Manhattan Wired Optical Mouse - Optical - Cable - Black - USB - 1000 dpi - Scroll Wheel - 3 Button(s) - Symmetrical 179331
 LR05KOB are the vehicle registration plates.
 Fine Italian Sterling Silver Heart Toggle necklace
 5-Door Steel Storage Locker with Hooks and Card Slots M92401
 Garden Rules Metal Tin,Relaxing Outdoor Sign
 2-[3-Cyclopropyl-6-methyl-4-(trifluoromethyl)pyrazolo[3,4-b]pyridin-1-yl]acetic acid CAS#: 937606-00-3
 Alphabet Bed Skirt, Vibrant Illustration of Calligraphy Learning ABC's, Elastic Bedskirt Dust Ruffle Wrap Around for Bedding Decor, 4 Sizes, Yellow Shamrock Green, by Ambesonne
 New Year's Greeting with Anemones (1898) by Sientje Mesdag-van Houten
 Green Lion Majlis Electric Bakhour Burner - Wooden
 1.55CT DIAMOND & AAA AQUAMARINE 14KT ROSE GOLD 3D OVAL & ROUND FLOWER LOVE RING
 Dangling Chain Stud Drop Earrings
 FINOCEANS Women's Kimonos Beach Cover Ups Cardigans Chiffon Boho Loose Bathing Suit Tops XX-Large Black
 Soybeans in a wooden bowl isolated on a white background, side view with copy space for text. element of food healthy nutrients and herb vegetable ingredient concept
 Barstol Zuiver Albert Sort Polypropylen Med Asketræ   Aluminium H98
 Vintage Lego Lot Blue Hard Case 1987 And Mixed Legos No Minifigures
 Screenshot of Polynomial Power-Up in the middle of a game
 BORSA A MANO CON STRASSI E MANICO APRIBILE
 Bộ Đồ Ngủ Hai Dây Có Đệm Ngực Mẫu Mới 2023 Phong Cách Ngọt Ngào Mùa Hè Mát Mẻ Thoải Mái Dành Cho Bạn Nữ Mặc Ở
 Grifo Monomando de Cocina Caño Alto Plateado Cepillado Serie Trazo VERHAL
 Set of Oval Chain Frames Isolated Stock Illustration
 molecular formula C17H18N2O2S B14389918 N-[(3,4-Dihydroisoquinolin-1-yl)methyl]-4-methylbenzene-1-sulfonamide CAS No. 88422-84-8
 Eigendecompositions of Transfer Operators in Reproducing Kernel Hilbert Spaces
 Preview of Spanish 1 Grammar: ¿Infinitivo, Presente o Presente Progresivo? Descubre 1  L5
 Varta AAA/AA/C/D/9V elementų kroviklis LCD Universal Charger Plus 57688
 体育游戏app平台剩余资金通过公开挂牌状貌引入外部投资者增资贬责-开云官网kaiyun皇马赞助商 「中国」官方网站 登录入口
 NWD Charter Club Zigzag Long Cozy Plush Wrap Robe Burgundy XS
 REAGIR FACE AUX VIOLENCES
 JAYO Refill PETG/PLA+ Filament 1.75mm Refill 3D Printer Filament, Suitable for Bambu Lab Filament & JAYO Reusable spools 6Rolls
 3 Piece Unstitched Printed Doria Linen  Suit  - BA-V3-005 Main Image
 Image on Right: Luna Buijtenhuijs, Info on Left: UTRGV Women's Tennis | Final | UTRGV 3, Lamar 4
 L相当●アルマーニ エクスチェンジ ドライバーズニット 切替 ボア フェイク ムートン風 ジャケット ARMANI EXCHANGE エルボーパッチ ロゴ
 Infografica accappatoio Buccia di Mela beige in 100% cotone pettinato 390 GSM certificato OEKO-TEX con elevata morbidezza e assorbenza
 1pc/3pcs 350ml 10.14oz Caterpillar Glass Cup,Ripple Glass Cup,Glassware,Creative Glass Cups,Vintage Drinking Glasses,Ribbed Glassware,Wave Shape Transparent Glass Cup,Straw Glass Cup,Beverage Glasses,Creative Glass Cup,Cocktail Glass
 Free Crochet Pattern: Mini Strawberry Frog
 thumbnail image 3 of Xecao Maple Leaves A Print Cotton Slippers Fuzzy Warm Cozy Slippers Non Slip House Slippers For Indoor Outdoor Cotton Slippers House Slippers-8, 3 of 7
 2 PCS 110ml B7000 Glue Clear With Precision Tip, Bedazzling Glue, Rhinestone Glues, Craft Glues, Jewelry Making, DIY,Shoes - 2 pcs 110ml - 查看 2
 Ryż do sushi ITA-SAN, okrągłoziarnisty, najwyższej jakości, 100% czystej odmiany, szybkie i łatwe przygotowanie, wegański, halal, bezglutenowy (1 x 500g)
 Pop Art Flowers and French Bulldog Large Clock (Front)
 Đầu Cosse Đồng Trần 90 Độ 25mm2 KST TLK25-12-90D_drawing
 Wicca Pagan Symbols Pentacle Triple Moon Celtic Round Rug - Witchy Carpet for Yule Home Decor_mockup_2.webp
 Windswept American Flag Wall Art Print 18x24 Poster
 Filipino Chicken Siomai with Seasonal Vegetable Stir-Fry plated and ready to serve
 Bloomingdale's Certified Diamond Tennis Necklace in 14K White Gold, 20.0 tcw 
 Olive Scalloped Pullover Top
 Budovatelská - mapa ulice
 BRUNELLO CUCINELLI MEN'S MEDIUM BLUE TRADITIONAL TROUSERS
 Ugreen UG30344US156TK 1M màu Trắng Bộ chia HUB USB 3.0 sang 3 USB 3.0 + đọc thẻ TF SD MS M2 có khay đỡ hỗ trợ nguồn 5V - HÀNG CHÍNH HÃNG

Aim of the task
Begin with the line that has "New Year's Greeting" in the listing above and end after the line that has "Dangling Chain Stud Drop Earrings"; output those lines exactly.

Answer space
 New Year's Greeting with Anemones (1898) by Sientje Mesdag-van Houten
 Green Lion Majlis Electric Bakhour Burner - Wooden
 1.55CT DIAMOND & AAA AQUAMARINE 14KT ROSE GOLD 3D OVAL & ROUND FLOWER LOVE RING
 Dangling Chain Stud Drop Earrings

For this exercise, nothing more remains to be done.